» **MATERIAL TO PROCESS**:
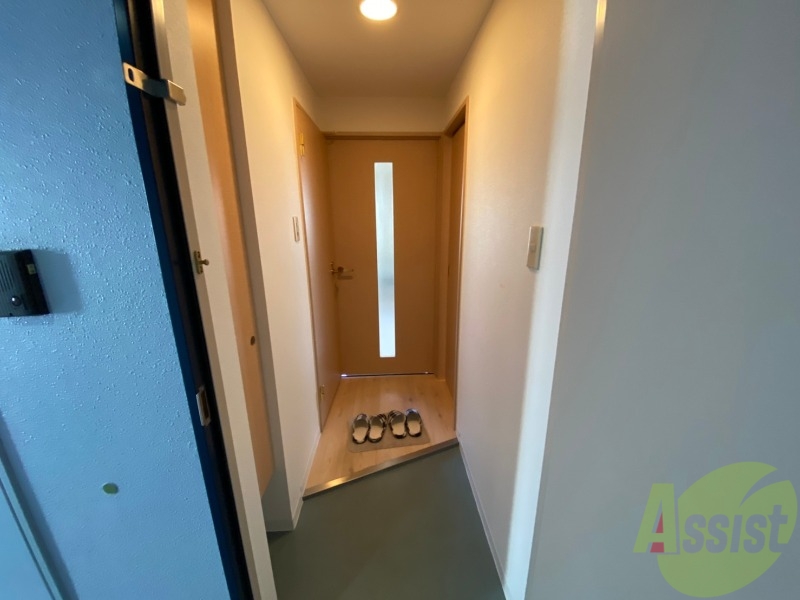 玄関　お部屋の第一印象を決める玄関はこちらです！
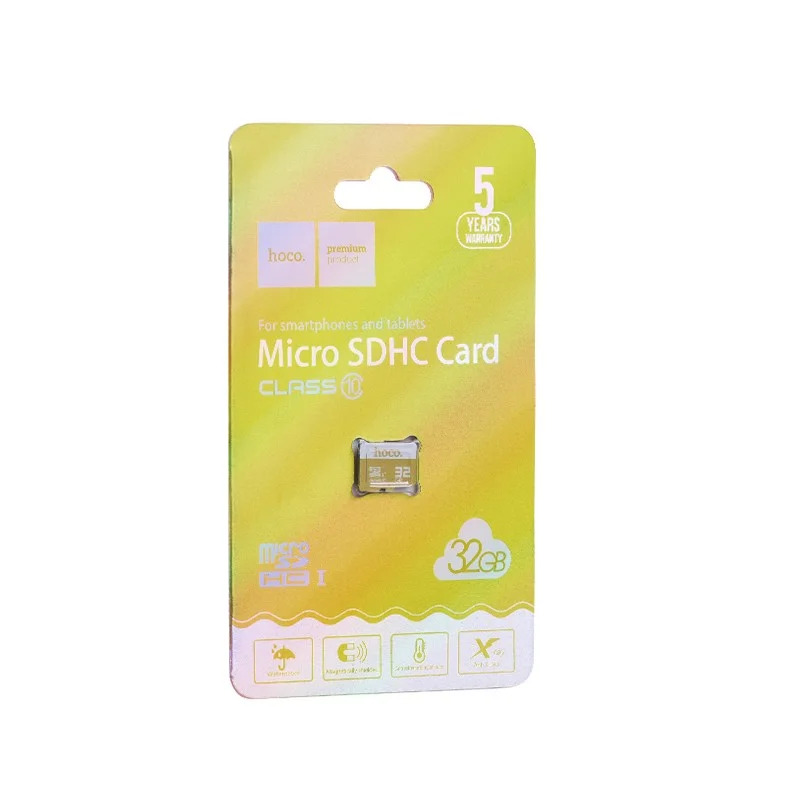 Κάρτα Μνήμης Hoco MicroSDHC 32GB Class 10 εως 90MB/s Κάρτα Μνήμης Hoco MicroSDHC 32GB Class 10 εως 90MB/s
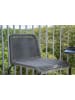 ebuy24 Barhocker Lindos Grau 2er Set
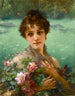 Les roses sauvages - Conrad Kiesel — näkymä teoksesta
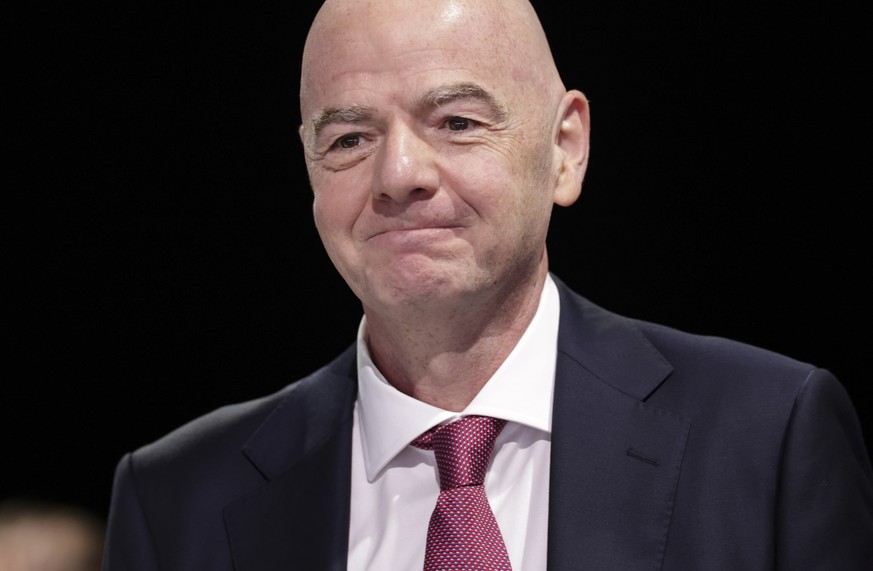 Infantino: «Je n'ai plus besoin de mon passeport suisse»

» **WHAT YOU NEED TO DO**:
Your reply should consist only of the lines running from the line with "Les roses sauvages" to the end of the entries, both included, copied exactly and without any pictures.

» **SOLUTION TO THIS PROBLEM**:
 Les roses sauvages - Conrad Kiesel — näkymä teoksesta
 Infantino: «Je n'ai plus besoin de mon passeport suisse»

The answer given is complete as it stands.